■ Task prompt
Please, could you print all the lines below exactly, leaving out the pictures?

■ Given information
----

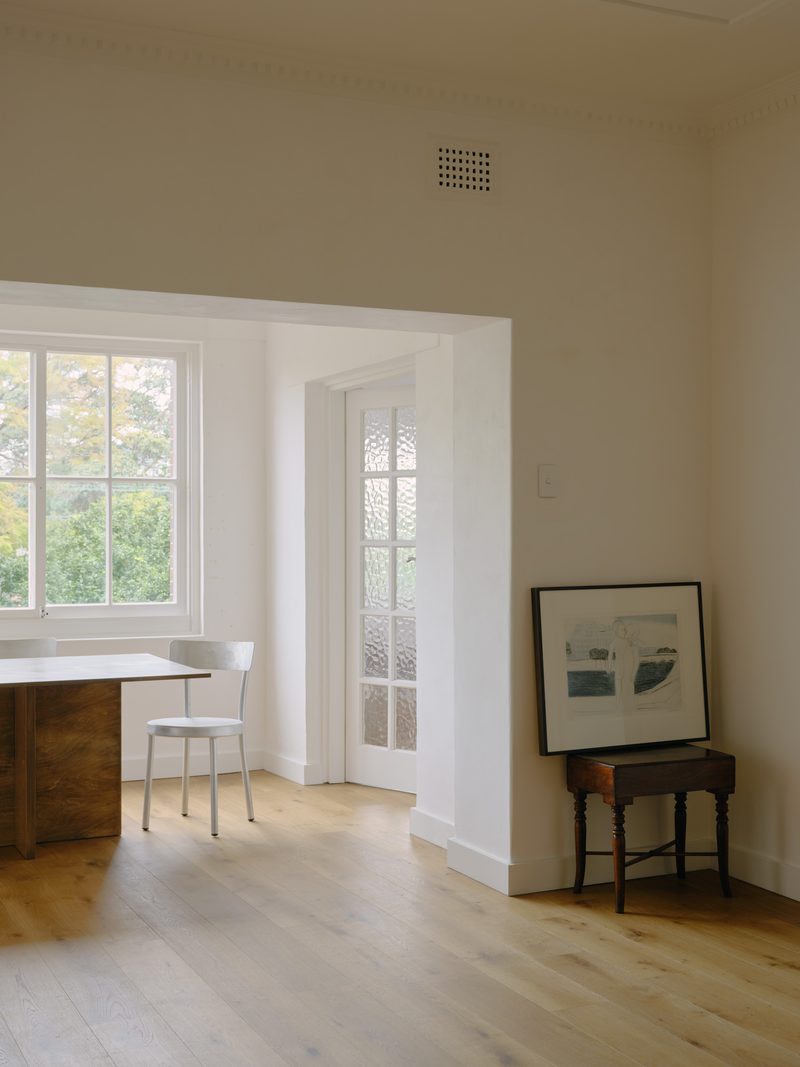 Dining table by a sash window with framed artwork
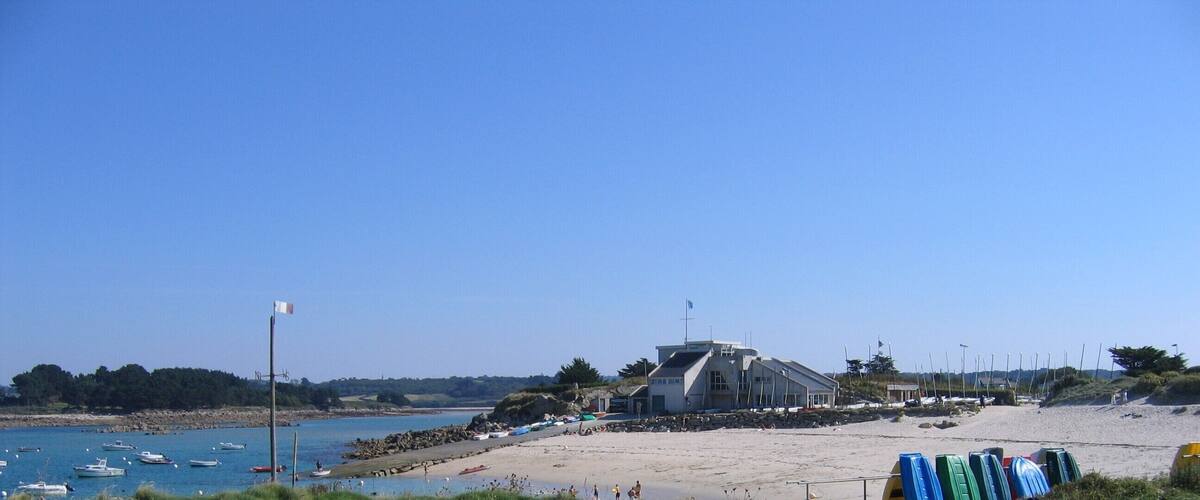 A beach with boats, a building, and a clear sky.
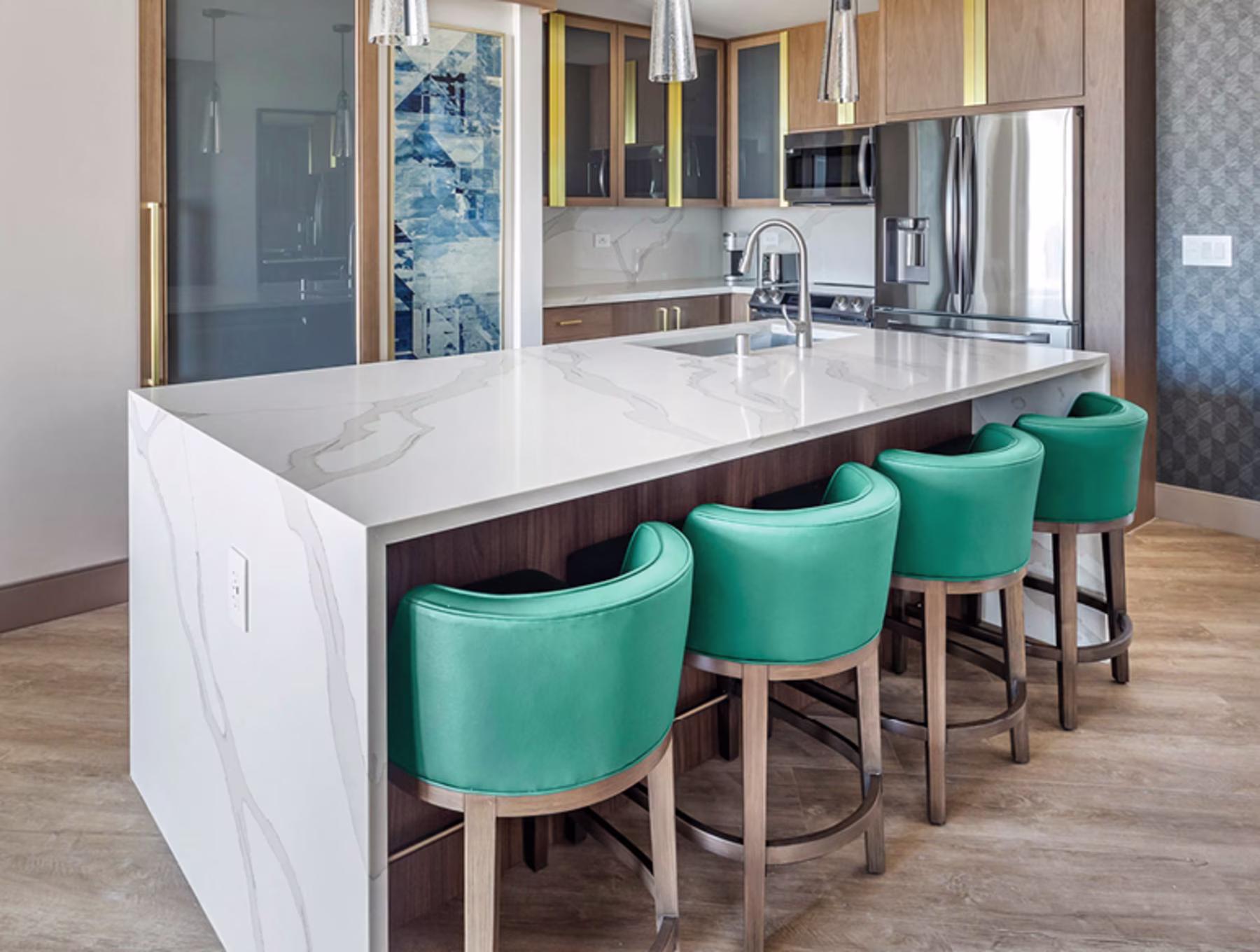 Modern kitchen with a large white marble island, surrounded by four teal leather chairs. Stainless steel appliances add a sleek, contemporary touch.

----

■ Solved exercise
 Dining table by a sash window with framed artwork
 A beach with boats, a building, and a clear sky.
 Modern kitchen with a large white marble island, surrounded by four teal leather chairs. Stainless steel appliances add a sleek, contemporary touch.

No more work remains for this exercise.